▶ _DESCRIPTION OF THE TASK_: The material below should be copied line for line, please, with pictures omitted.

▶ _RAW DATA_:
·····

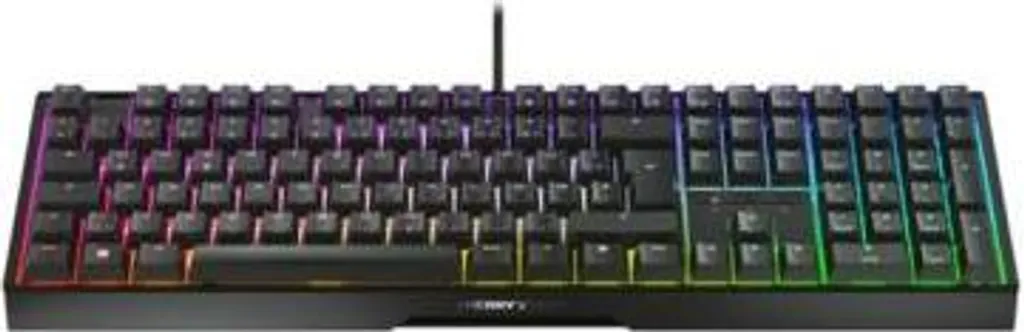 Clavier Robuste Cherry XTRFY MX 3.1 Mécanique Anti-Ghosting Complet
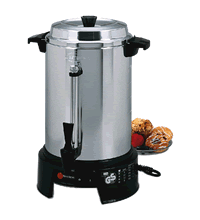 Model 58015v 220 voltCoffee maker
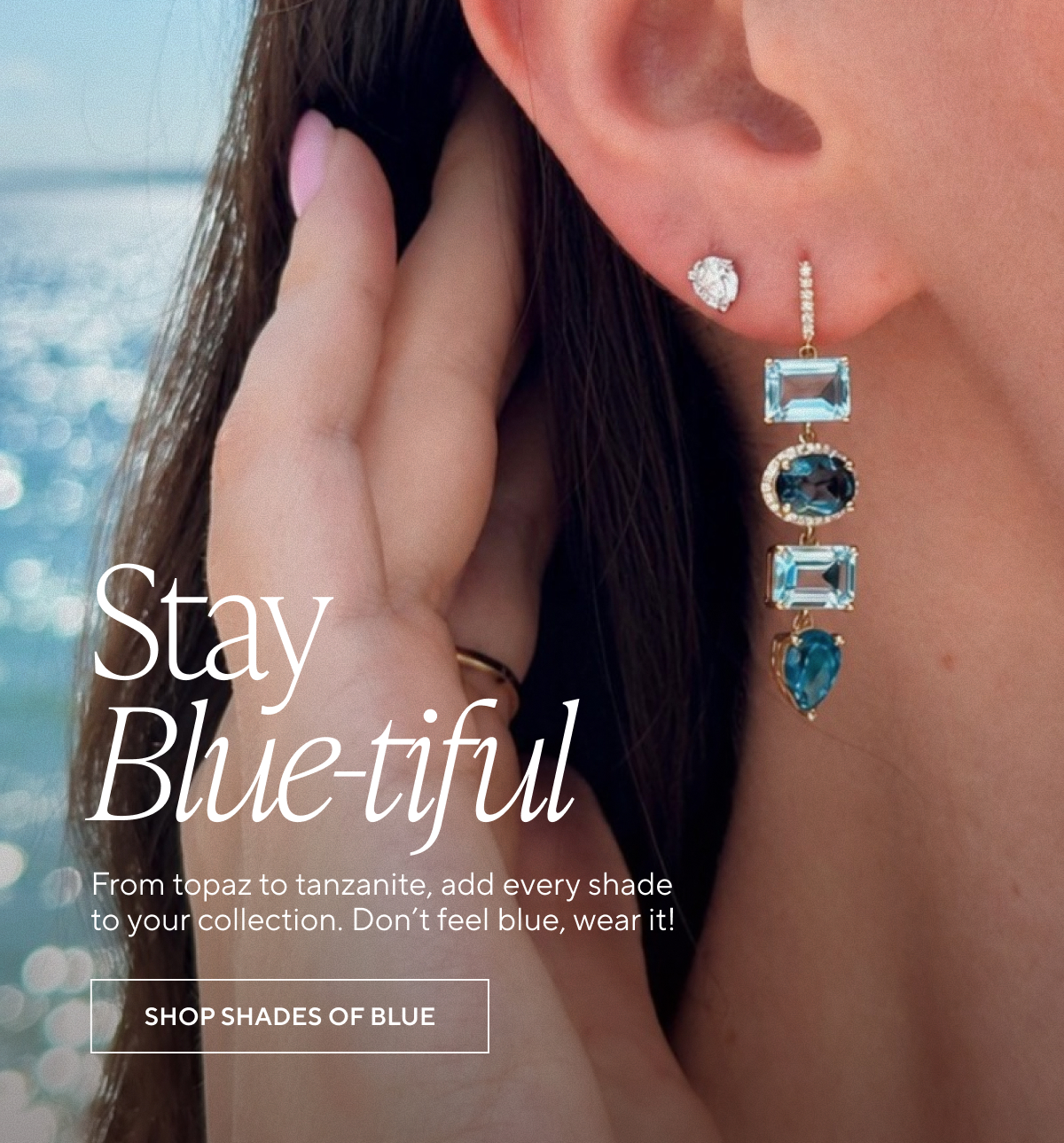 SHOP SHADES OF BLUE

·····

▶ _OUTPUT_:
 Clavier Robuste Cherry XTRFY MX 3.1 Mécanique Anti-Ghosting Complet
 Model 58015v 220 voltCoffee maker
 SHOP SHADES OF BLUE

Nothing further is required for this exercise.